George Coyne, Adjunct Professor of Astronomy, University of Arizona, Tucson (Former Director of the Vatican Observatory, Rome)
2 p.m.-3 p.m.


George Coyne obtained his PhD in Astronomy from Georgetown University (Washington, DC) in 1962 and the Licentiate in Theology from Woodstock College (Maryland) in 1966. In addition he has received PhD degrees honoris causa from St. Peter’s University (New Jersey), Loyola University (Chicago), The University of Padua (Italy), the Jagellonian University (Krakow, Poland) and Marquette University (Milwaukee). Since 1966 he has been associated with astronomy programs at the University of Arizona (Tucson) and from 1976 to 1980 he served in various capacities in the administration of the astronomical observatories at that university.
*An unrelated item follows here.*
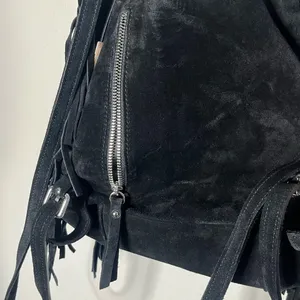 D2 DSQUARED Black Suede Fringe Backpack Western Boho Relaxed Low Hanging thumbnail 7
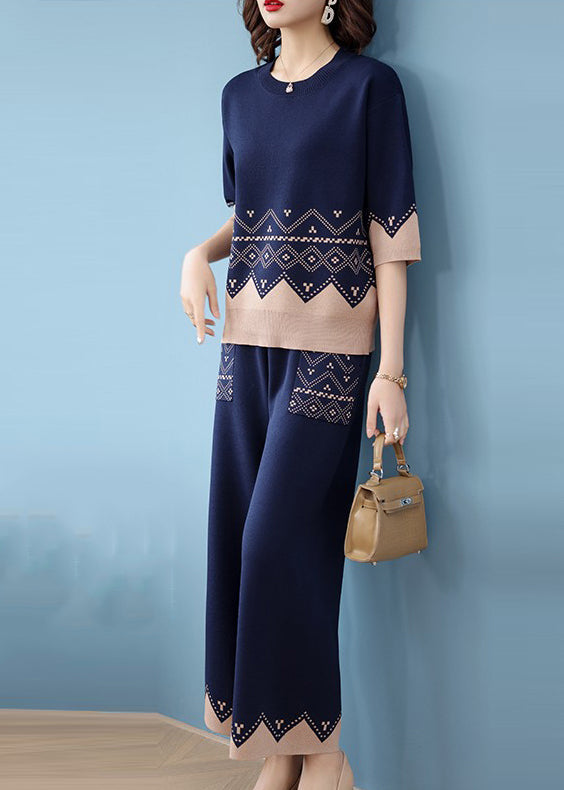 Unique Navy O Neck Knit Sets 2 Pieces Spring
From 1978 until 2006 he was Director of the Vatican Observatory (Specola Vaticana), which has its headquarters at Castel Gandolfo (Rome, Italy) and a research branch at the University of Arizona in Tucson. His research interests have ranged from the study of the lunar surface to the birth of stars; and he pioneered a special technique, polarimetry, as a powerful tool in astronomical research. Currently he is studying cataclysmic variable stars, the interstellar dust in the Magellanic Clouds, and the detection of protoplanetary disks. Parallel to his scientific research he has developed an interest in the history and philosophy of science and in the relationship between science and religion.